İlk defa seminerimi ikiye ayırdık. O kadar iyi oldu ki. Bunu uzun zamandır düşünüyordum. Çünkü seminerim çok uzun. Özellikle çocuklar söz konusu olduğunda. Ara veriyoruz ama yine de uzun. Önermiştim, bölmeyi kabul ettiler. Gerçekten çok iyi oldu.

İlk seminerim de tüm parmaklar havadaydı. İkinci seminerimin sonunda bize konser vereceksiniz dediğimde daha da ilgilendiler… Ve ikinci seminerim de çok iyi geçti. Seminer sonrası, seminerin içinde yaptıkları afiş tasarımını yaşama aktardık, afiştekileri gerçekleştirdik. Ellerinde darbukalarla ve türkü, şarkı söyleyerek çok sesli bir şekilde konser verdiler. Ama noktayı bununla koyarak yetinmediler. Kısa bir tiyatro oyunu da sundular, hazır sahneye çıkmışken. Oyunun adı, “Kahkaha Çiçekleri” Çok güzeldi.

Binanın kapısından çıkarken, “iyi ki gelmişim, iyi ki böyle vakıflar ve böyle çalışanları, idarecileri var,” diye düşündüm. Orada çalışan arkadaşlar, idareciler bizden yararlanmayı düşünmeselerdi, bizi davet etmeselerdi bu çocuklara faydalı olamayacaktık. O nedenle bu vakıfta çalışan tüm arkadaşlara ve yöneticilere, Müdür Beye teşekkür ediyorum. Başta Pınar Hanıma ve Cafer Beye…

Öğlen arkadaşlarla yemek yerken bunları anlattım. Bir Mühendis alanı Profesör, “sizde böyle anket yapıyorsunuz,” dedi. Önce anlamadım ama doğruydu, burada tarz değişikti.

17 Şubat unutulmazlarımdan olacak, İFSAK sergi salonunda yaşadıklarımdan dolayı. Salona girdiğimde saat henüz 16 00 olmamıştı ve çocuklar da gelmemişti.

Fotoğrafla aram çok iyi olduğu için tanıdıklara rastladım. Ve çocuklar sıra sıra göründüler başta kırmızı, canlı canlı renklerdeki kabanlarıyla… Tabii başlarında Vakıf sorumlularıyla…

Önce onlardan fotoğraflarını göstermelerini rica ettim. Bunu yaparken yüzlerindeki gururu okumak hiç zor olmadı benim için.

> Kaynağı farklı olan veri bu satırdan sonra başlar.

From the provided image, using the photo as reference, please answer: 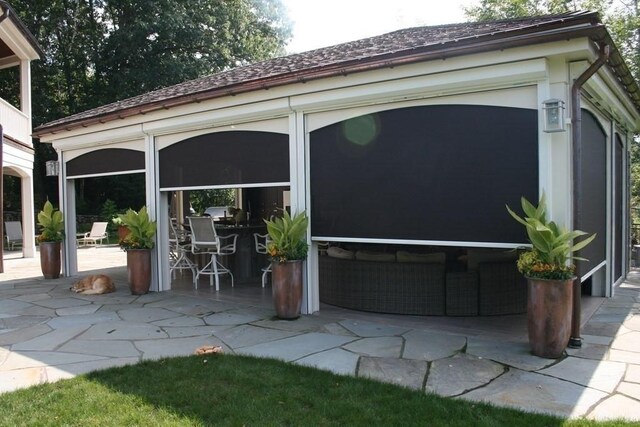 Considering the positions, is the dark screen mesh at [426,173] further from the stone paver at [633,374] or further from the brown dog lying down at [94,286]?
the brown dog lying down at [94,286]

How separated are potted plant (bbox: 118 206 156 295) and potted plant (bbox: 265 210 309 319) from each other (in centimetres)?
288

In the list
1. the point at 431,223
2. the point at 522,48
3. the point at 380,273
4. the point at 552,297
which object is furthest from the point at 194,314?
the point at 522,48

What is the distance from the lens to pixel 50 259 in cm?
970

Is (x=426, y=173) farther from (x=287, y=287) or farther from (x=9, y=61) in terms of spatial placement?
(x=9, y=61)

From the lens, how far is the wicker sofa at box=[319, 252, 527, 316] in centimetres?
609

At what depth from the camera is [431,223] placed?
5.25m

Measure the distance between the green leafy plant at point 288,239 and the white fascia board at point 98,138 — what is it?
364cm

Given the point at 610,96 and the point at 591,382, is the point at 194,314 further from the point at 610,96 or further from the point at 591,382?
the point at 610,96

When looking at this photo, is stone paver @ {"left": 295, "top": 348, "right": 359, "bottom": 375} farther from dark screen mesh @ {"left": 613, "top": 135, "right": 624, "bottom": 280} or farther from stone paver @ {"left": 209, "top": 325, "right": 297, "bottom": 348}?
dark screen mesh @ {"left": 613, "top": 135, "right": 624, "bottom": 280}

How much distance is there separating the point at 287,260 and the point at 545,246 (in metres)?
2.87

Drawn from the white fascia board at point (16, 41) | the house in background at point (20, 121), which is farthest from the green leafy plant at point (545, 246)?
the white fascia board at point (16, 41)

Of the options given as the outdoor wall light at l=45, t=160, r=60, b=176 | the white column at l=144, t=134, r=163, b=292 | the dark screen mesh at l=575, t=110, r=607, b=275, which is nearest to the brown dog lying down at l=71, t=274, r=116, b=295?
the white column at l=144, t=134, r=163, b=292

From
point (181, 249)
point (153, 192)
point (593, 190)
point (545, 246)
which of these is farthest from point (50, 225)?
point (593, 190)

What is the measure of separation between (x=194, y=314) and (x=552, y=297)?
428cm
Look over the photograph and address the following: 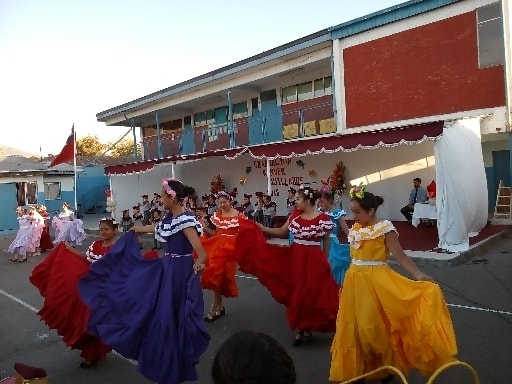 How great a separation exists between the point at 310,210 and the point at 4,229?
83.9ft

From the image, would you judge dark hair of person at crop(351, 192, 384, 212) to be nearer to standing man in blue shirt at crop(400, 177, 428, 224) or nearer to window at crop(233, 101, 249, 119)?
standing man in blue shirt at crop(400, 177, 428, 224)

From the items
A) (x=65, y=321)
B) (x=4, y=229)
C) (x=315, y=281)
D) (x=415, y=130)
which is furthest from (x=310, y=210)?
(x=4, y=229)

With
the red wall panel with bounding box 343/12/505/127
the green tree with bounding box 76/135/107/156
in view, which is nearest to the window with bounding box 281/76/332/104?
the red wall panel with bounding box 343/12/505/127

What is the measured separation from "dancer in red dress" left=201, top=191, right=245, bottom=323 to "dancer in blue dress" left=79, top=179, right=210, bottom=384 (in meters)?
2.00

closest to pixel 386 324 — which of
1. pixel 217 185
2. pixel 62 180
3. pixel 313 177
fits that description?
pixel 313 177

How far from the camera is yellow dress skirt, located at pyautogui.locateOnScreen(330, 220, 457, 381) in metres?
3.65

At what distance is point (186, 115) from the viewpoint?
1021 inches

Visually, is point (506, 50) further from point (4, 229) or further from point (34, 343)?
point (4, 229)

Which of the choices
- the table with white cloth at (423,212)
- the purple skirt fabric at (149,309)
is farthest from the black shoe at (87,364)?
the table with white cloth at (423,212)

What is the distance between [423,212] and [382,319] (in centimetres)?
1003

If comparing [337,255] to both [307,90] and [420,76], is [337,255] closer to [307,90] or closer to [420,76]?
[420,76]

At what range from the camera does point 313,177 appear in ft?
60.1

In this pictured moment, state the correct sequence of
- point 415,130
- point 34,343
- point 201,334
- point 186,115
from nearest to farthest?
point 201,334 < point 34,343 < point 415,130 < point 186,115

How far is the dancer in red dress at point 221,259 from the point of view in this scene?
684 centimetres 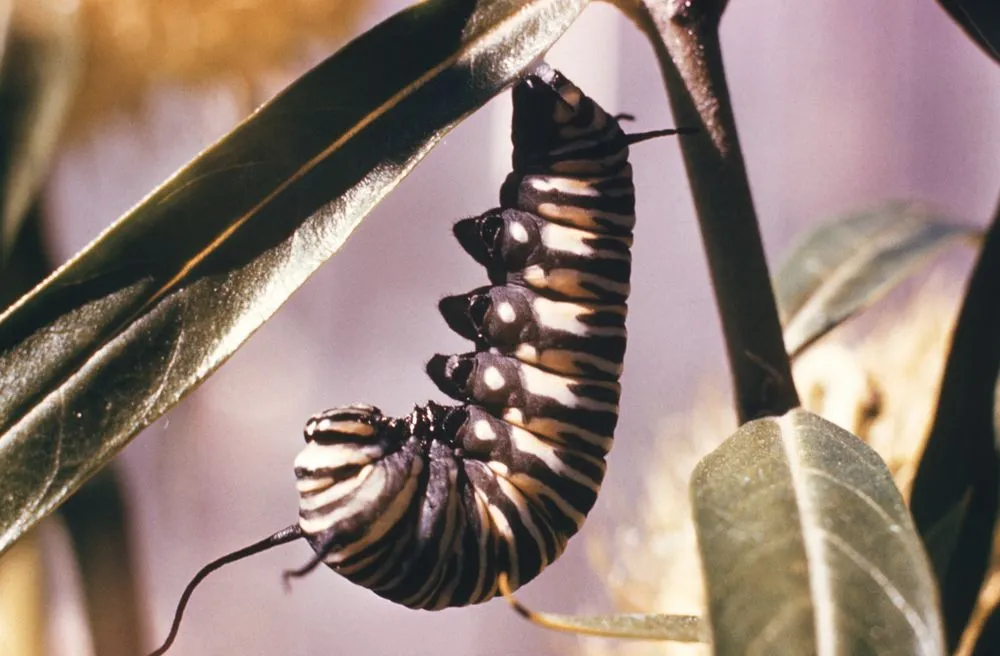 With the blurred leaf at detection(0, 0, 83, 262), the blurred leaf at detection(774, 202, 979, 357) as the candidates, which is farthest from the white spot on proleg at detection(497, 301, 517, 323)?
the blurred leaf at detection(0, 0, 83, 262)

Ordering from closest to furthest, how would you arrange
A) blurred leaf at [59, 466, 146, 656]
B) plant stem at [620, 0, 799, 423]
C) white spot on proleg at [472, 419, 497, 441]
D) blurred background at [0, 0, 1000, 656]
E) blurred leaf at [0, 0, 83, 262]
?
plant stem at [620, 0, 799, 423] → white spot on proleg at [472, 419, 497, 441] → blurred leaf at [0, 0, 83, 262] → blurred leaf at [59, 466, 146, 656] → blurred background at [0, 0, 1000, 656]

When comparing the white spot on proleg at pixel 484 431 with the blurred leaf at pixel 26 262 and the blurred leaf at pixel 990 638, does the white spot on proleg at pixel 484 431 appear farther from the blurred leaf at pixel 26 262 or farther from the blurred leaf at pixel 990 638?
the blurred leaf at pixel 26 262

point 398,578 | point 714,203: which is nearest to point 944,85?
point 714,203

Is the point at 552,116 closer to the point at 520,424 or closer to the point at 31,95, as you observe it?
the point at 520,424

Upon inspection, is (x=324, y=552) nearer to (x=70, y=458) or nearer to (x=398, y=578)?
(x=398, y=578)

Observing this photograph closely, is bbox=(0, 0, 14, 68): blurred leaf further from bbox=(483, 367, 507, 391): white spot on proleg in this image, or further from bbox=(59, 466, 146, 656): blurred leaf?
bbox=(483, 367, 507, 391): white spot on proleg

Kendi sergileri dışında bir sergi daha vardı, önce onu gezdiler. Deftere yazma deneyimleri olmadığı için yardım etme gereksinmesi duydum. Aynı şey kendi sergileri için de söz konusu olduğunda, “ne yazacağız,” diye sordular hemen. Önce aldım defteri elime, “duygu ve düşüncelerinizi söyleyin bakayım,” diyerek yazdım. Ama biraz rahatsızlık da duyarak. Neyse sonra kendileri de yazmak istediler, rahatladım. Evet, deneyim sahibi olmuşlardı. Ve bunu hemen değerlendirdiler. Son derece rahatlık verici bir gözlem oldu benim için.

Sonra kendilerine sunulan ikramları yediler, içtiler… Çekilen fotoğraflarda, parmaklarını kaldırırken yerlerini aldılar güzel bir anı olarak…

İFSAK çok hoş bir jest yaparak herkese sertifika verdi. Sergiye katılanlara ve bu serginin oluşmasında yer alanlara… Bu çocuklar çok şanslılar. Ama buna olanak tanıyan bir yönetime sahip olan vakıf sayesinde… Biz onlara ulaşabildik. Çocuklarla önümüze bir set çekilmedi. Şu anda çocuklar da mutlu, bizde…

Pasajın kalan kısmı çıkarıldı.